Cette crise a surtout permis que le Baath en Mauritanie soit reconnu enfin au grand jour, comme en témoigne le propos de Habib O. Mahfoudh toujours dans cette même livraison : »Ce 2 août 1990, la Mauritanie est donc baathiste ou baathisante. (…) Le baath, solidement implanté en Mauritanie depuis l’auto-sabordement du parti kadihine était jusque-là un mouvement d’intellectuels, de « cadres » plus exactement. Il devient d’un coup un mouvement à forte assise populaire. Nouadhibou, Akjoujt, le département de Tintane, étaient jusque-là ses places fortes. Durement frappé en 1 988, ses têtes pensantes ayant été arrêtées, il submerge le pays à la faveur de la guerre qu’on pensait inévitable contre le Sénégal, un an après. Sur le terrain peu de formations – toujours clandestines – peuvent se targuer d’avoir si bien réussi ».

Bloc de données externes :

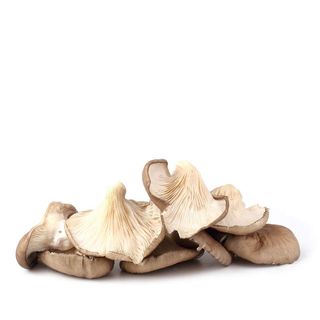 Oyster Mushroom, Fresh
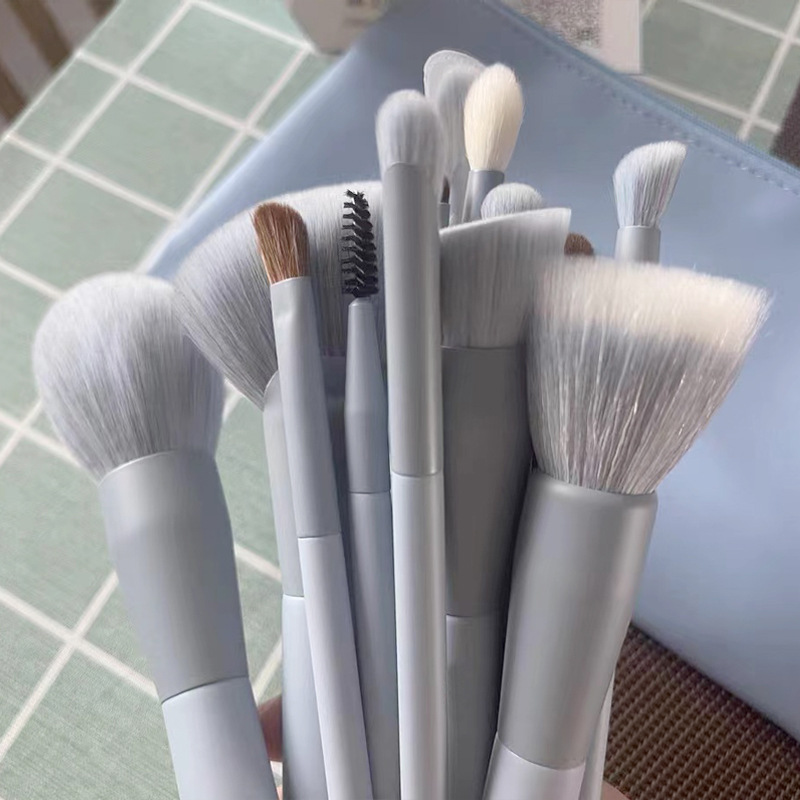 13 Fard in polvere Animal Spot Set completo Pennello per correttore_voghion.com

Dans le même numéro parut un « Appel de Nouakchott » qui, d’après ses auteurs, avait receuilli 2 000 signatures et annonçait « la création d’un comité national mauritanien de soutien avec l’Irak ».

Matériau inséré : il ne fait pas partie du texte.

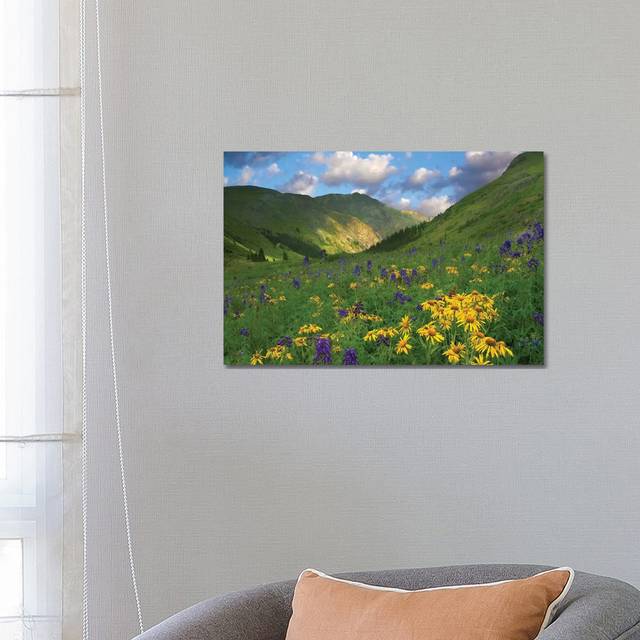 Orange Sneezeweed and Delphinium in American Basin, Colorado - Horizontal by Tim Fitzharris - Wrapped Canvas Art Prints (45.72cm H x 66.04cm W x 3.81cm D)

Février 1991 : le conflit bat son plein en Orient. Mauritanie Demain titre : « Golfe : halte à la barbarie ». Comme ailleurs, le conflit est présenté comme une :

« nouvelle croisade judéo-chrétienne contre l’Islam. Tout laisse à croire que le moteur de l’Histoire future sera l’opposition des deux mondes : l’Occident judéo-chrétien et le Monde arabo-musulman. » (M. F. Ould Oumère) « Pour bon nombre de Mauritaniens, la guerre du Golfe est la concrétisation de la « grande bataille » prédite à la fin du temps, celle qui devrait « opposer la Foi à l’impiété ». L’image de l’imam de Sebkha4 menant une manifestation est une des illustrations d’un phénomène rare ici. (…) Naguère choyés par les Emirs, fortement influencés par le prosélytisme religieux des Séoudiens et les pétrodollars du Golfe nos ulémas ont promptement brisé les liens qui les unissaient au pouvoir wahhabite. L’exécution, dit- on, en Arabie Séoudite de deux ulémas d’origine mauritanienne qui se sont prononcés contre la présence près des lieux saints de forces non-islamiques, a joué un grand rôle dans cette rupture de pont. » (Cheikhou)

Un membre du Bureau exécutif de la Ligue Mauritanienne des Droits de l’Homme de son côté tire la leçon des événements à l’égard de l’Occident :

« Les masques de l’Occident sont tombés, l’Occident n’est plus crédible. Ses idéaux étaient de façade. (…) Nos maîtres de l’Ouest ou du Nord sentent que nous les avons irrémédiablement reniés depuis le 16 janvier 1991. Une page de l’Histoire est tournée. » (Yarba 0. Ahmed Saleh)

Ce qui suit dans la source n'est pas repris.